Deleting File From Folder permissions 755

Discussions of secure PHP coding. Security in software is important, so don't be afraid to ask. And when answering: be anal. Nitpick. No security vulnerability is too small.

Moderator: General Moderators

Post Reply
merrydown
Forum Newbie
Posts: 5
Joined: Sun Jul 10, 2011 4:36 pm

Deleting File From Folder permissions 755

Post by merrydown »

Hi, I am keen to improve my coding practices to make my server a little more secure. I run a dedicated plesk server (centOs) with many domains on it. By default my server (running under fast cgi) makes folders with permissions 755. Each domain has separate FTP username and password. My sites all use php to upload files, process data and write out / overwrite and delete files (images, sitemaps etc).
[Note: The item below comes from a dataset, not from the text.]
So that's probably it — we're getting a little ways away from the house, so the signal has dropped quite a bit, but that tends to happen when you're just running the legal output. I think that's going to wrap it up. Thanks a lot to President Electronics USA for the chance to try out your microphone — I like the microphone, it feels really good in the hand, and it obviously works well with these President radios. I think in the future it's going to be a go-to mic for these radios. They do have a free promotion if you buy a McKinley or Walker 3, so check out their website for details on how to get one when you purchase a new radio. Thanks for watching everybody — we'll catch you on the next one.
I have found that unless I give the folders permissions of 777 (as specified for example in the image upload and process script I have adopted and customised) deleting or overwriting files does not work. I am guessing that it is an ownership issue rather than permissions really and am keen to stop using folders with full permissions despite the code I need to run. I have read that 755 should be fine if the same user/owner is accessing the files but am finding a clear answer as to how I can get around this issue and have all my sites working the same on a server where 755 is the highest permission given.
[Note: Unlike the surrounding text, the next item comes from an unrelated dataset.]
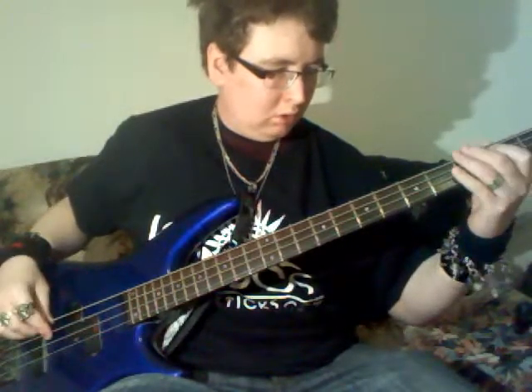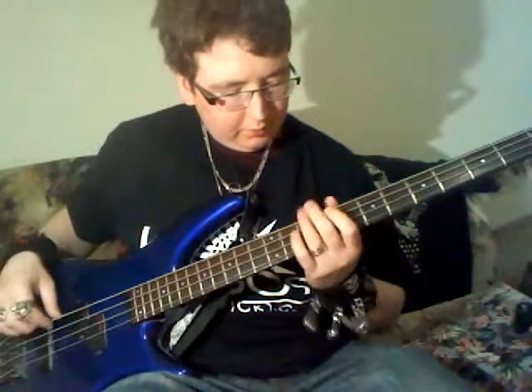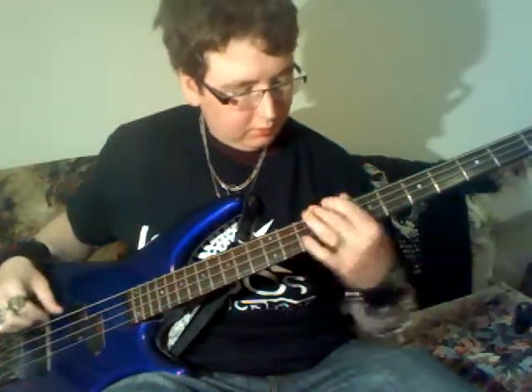Then you can play it up here too. Let's see — up the neck it goes: 5, 4, 2, open, 2, 4, 2, 1, 2, 3, 5. And then up here: 10, 9, 7, 5, 7, 10, 9, 7, 5, 7, 10, 9, 7, 3, 3, 5.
I'd appreciate any help or actual examples as to what I might change in my coding practice so that I can overwrite a file in php that had previously been created by php or ftp each time.

Many thanks (and apologies if this has been covered clearly 999,999 times and I have missed the point)

Jim
cpetercarter
Forum Contributor
Posts: 474
Joined: Sat Jul 25, 2009 2:00 am

Re: Deleting File From Folder permissions 755

Post by cpetercarter »

I assume that your server is set up so that the file owner is the person who first created the file in question. So, for example, if 'john' uploads files using ftp, 'john' would be the owner of these files. The php programme (or, more strictly, the Apache web server) is not 'john'; it has its own user name, often 'www-data'. PHP can accesses files owned by 'john' using the permissions granted to 'everyone else'. So, for php to write to a folder owned by 'john', the permissions need to be 0777.
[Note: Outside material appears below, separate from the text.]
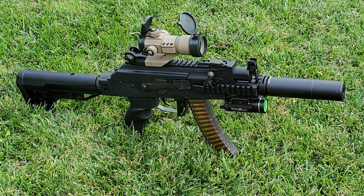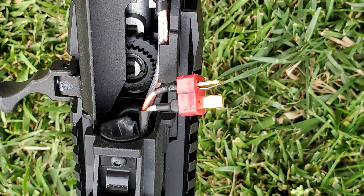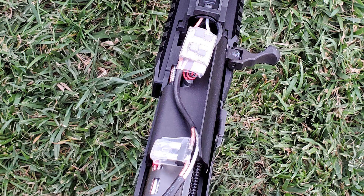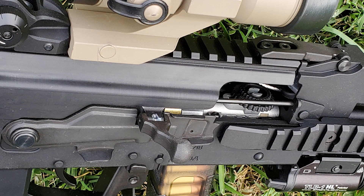The new G&G Armament PRK9 series hinged receiver. Easy to lift and secure your battery in without removing the entire dust cover rail. Wired to Deans. ETU installed for feather triggering. 4th generation MOSFET featuring 3 round burst control and integrated micro speaker. Metal rotary hop up for quicker adjustments.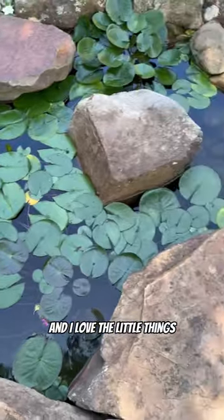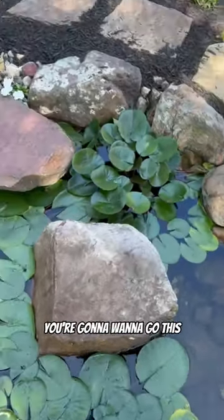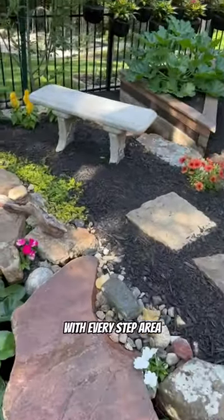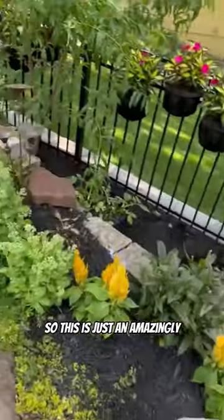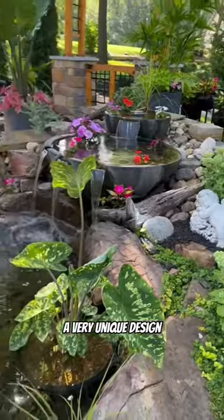And I love the little things. There's these stepways across this — you're going to want to go with this — and then, of course, with every step area, you have a bench to sit on. So this is just an amazingly intricate garden, a very unique design.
If you are not happy with folders with 0777 permissions, I can think of two possible solutions.

First, when you first set up a new site, you could run a script which causes php to create the folders into which it will later write files, images etc. The owner of these folders would be 'www-data' (or whatever) and the php programme could then write things into the folder with 0755 permissions. To do this you will need temporarily to give the parent folder 0777 permissions, and revert to 0755 after the necessary 'write' folders have been created. For example, if your programme needs a writable folder 'mysite/uploads', you need to use your ftp programme to give the 'mysite' folder 0777 permissions, then get php to create the 'uploads' folder, then revert the permissions on 'mysite' back to 0755. Note if 'www-data' owns a folder with 0755 permissions, user 'john' (ie the ftp programme) will not be able to write to the folder. Also, if you ever need to remove the site and its files, you will first need to get php to change the permissions on the 'upload' folder to 0777 - your ftp programme will not otherwise be able to remove the folder.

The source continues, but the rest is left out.